The manuscript is based on well designed experiment allowing assesment of the importance of tree species and deadwood localisation in the forest for deadwood dependent organisms. Another very important merit is assesment of the economic value of wood, which needs to be left in the forest for conservation of forets biodiversity. Combination of these two aims together in one work is unique and may play an important role in convincing forest managers to leave some amounts of wood (different species and different dimensions) in the ecosystem.
There are some weaknesses of the manuscript, which needs to be solved. First is lack of any results and conclusions. There is an extensive description of methods applied and analyses carried out but nothing on the results. In effect, it is not possible to assess the real importance (impact) of the proposed piece of work. The second problem is that authors compared two different types of wood (logs vs. branches) to conclude on the influence of deadwood dimensions on biodiversity of saproxylic species. I'm not convinced that such approach is acceptable for two resons. The characteristics of these two types of deadwood are very different (proportion of late wood vs. early wood, proportion of easy accessible food, e.g. sugars). And in my opinion conclusion on influence of wood dimensions on anything can be formulated if there are several size classes involved in the experiment. In this case I would limit the conclusions to differences between stem and twigs.

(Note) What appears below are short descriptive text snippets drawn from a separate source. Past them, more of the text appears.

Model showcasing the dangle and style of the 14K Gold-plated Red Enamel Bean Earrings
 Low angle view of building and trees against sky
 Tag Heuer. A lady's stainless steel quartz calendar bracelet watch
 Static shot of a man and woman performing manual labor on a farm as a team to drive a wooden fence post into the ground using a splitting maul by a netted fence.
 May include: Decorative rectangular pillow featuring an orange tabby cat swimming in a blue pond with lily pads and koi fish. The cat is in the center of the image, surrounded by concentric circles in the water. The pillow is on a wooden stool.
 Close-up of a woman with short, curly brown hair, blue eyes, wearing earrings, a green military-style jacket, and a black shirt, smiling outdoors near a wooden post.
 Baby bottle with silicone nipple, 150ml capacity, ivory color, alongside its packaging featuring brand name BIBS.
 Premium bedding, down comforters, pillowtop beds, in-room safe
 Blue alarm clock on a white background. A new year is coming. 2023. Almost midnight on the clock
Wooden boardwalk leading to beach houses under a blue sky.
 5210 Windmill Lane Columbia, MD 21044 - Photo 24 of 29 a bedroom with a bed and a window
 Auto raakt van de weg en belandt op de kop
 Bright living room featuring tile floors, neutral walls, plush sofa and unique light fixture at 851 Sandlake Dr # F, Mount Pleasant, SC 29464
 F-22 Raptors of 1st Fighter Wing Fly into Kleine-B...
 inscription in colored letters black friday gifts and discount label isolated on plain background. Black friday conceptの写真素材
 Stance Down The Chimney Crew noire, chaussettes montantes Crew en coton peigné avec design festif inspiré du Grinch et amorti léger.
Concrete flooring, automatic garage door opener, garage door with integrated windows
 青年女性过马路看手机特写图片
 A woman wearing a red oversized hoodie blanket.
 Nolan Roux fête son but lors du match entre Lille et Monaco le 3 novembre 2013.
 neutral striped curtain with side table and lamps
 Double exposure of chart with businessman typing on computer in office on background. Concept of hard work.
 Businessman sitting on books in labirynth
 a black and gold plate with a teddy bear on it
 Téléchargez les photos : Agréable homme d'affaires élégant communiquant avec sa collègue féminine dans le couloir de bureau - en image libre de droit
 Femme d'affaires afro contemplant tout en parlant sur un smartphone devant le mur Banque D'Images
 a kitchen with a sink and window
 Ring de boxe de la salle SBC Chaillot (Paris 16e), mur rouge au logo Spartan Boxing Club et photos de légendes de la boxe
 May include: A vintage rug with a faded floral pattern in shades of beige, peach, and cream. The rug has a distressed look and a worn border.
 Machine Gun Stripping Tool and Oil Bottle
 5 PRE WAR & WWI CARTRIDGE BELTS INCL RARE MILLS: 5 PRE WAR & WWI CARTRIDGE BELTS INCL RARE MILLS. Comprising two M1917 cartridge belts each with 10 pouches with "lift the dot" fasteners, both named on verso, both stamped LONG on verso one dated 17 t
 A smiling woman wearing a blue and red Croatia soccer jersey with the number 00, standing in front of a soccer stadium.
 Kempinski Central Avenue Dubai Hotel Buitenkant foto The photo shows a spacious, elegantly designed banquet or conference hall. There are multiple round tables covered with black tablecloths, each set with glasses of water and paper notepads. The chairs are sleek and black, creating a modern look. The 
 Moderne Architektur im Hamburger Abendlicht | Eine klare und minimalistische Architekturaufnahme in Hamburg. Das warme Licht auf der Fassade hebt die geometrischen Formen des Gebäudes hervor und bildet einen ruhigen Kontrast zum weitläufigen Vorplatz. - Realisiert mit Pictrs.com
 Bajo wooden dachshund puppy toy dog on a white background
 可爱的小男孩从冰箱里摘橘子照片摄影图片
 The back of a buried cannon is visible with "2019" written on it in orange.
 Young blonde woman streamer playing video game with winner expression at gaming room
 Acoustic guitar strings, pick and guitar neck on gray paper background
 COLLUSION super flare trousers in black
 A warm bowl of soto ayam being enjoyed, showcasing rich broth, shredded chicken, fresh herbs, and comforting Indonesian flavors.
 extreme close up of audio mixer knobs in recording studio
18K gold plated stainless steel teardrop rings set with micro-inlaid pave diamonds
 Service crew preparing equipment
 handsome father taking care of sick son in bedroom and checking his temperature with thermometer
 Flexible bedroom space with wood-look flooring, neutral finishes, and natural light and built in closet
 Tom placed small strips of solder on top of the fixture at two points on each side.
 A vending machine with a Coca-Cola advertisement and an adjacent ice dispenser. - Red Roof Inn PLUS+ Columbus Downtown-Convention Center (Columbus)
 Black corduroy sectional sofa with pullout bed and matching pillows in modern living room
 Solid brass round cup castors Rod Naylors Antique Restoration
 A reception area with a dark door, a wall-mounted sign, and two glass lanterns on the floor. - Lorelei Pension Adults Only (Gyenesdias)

The results (if shown) could be of high importance and will influnce the approach of forest managers to deadwood. On one side our knowledge about importance of tree species, environmental conditions and type of deadwood for biodiversity of saproxylic species is still very limited. On the other side forest managers (especially of forests outside of protected areas) have always dilemma how much deadwood and of what characteristic they should leave in the stands to sustain the forest biodiversity at certain levels. These two problem are properly addressed in the paper. Therefore, the paper is of high importance for nature conservation and for forest management.